Greenprint Projects

Santa Barbara Greenprint

California

Man fishing along a beach.
CA Beach Scene Man fishing off of Jalama Beach in Santa Barbara County. © Richard Herrmann

The Santa Barbara County Association of Governments (SBCAG) developed a greenprint as part of their Regional Transportation Plan/Sustainable Community Strategy (RTP/SCS), mandated by California law SB 375. SBCAG developed the greenprint to illustrate areas within the county which encompass public lands, open space, habitat, 100-year floodplains, and farmland to inform their growth patterns and to discourage development in the areas identified with these values. The RTP/SCS is mandated to be updated every four years; the greenprint will be updated on the same schedule.

Year Published: 2012

State: California

Landscape Context: Coastal

Housing Density: Urban, Rural

Funding Type: Public

Habitat Focus: Developed, Herbaceous, Planted/Cultivated

Organizations Involved: Santa Barbara County Association of Governments

Values: Open Space/Habitat, Working Land

Stakeholder Involvement:

Stakeholders were involved; There was an involved public outreach process for the RTP/SCS process as mandated under SB 375. SB 375 requires Metropolitan Planning Organizations (MPO) to develop a public outreach plan for the RTP/SCS process which included the Santa Barbara Greenprint. The Santa Barbara County Association of Governments (SBCAG) created a three-tiered outreach plan to stakeholders across the region, including over forty local organizations, state and federal landowners, UC Santa Barbara, and the Chumash Tribe.

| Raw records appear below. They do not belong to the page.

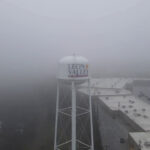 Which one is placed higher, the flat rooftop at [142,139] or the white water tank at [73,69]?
the white water tank at [73,69]

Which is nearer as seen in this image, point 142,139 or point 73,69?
point 142,139

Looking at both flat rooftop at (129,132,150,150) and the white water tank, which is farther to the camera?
the white water tank

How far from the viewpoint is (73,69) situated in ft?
23.0

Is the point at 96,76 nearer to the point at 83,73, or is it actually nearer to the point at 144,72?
the point at 144,72

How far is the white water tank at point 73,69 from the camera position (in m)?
6.99

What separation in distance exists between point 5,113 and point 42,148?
4.80 m

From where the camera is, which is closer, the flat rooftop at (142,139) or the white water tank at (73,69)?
the flat rooftop at (142,139)

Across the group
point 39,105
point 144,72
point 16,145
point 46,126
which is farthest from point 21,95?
point 144,72

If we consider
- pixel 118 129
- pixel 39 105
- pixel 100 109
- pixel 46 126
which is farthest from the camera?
pixel 39 105

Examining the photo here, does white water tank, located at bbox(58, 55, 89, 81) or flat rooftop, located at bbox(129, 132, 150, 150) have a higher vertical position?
white water tank, located at bbox(58, 55, 89, 81)

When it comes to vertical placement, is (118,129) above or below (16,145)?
above

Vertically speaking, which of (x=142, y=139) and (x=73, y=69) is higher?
(x=73, y=69)

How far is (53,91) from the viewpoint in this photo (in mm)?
18344

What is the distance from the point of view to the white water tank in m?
A: 6.99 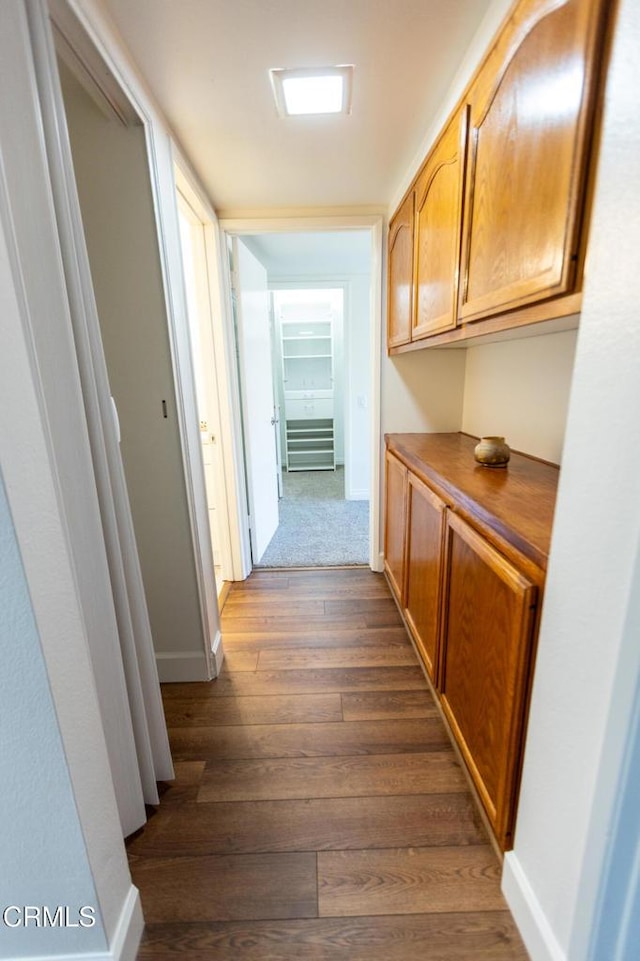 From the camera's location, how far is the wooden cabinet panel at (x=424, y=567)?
4.92 ft

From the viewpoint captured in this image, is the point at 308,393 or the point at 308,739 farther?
the point at 308,393

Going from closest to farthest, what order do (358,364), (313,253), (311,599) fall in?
(311,599), (313,253), (358,364)

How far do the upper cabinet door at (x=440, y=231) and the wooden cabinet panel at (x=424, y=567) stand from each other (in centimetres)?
68

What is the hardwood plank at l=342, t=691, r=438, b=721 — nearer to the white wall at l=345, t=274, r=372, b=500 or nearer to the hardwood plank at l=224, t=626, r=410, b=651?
the hardwood plank at l=224, t=626, r=410, b=651

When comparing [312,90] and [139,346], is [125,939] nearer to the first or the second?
[139,346]

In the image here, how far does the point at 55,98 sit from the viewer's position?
0.87 meters

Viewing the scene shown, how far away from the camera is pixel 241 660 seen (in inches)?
76.5

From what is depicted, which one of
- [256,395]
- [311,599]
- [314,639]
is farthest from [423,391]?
[314,639]

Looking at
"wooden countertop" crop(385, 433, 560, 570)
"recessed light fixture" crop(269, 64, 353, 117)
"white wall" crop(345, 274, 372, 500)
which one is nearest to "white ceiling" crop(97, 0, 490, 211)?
"recessed light fixture" crop(269, 64, 353, 117)

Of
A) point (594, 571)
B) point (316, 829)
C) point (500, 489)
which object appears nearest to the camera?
point (594, 571)

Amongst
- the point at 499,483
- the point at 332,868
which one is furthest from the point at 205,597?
the point at 499,483

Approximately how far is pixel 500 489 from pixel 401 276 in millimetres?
1346

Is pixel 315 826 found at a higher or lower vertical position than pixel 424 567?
lower

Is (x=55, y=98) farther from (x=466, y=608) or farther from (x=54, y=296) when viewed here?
(x=466, y=608) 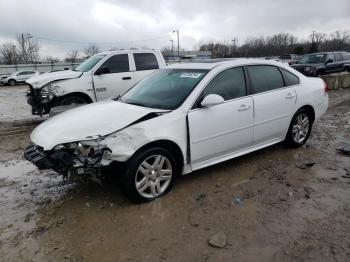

The final scenario was approved by the policy board.

Planning Process:

The Santa Barbara Greenprint was developed as part of SBCAG's RTP/SCS process, so it largely followed the requirements of SB 375. The greenprint itself was developed using existing data sources overlayed in GIS.

Desired Outcomes:

The greenprint aims to ensure that open space/habitat and agriculture are recognized and respected in plans for future growth in the county by embedding the greenprint in the state-mandated RTP/SCS. The goal of the RTP/SCS is to tie land use and transportation planning with the intent to reduce greenhouse gases. The greenprint helps to constrain growth to areas that will have the least impact on values that are important to the region.

What It Accomplished:

The greenprint coincided with the regional housing needs allocation. The RTP/SCS process required SBCAG to project out thirty years to ensure that wherever growth was contemplated, the resulting transportation patterns would change in such a way that greenhouse gas emissions increased. Through planning process, SBCAG was able to achieve substantial reductions per captita through land use measures that focused on infill and Transit Oriented Development. .

The regional greenprint was presented as a basic constraint on where growth could go and was ultimately successful in that it did constrain growth in the RTP/SCS that was adopted and avoidance encroachment on open space and agricultural land. The greenprint has also been employed to provide more science and data on proposals for greenfield development in the county. These decisions are ultimately up to the cities to approve, but the greenprint shows what values are at risk if developed.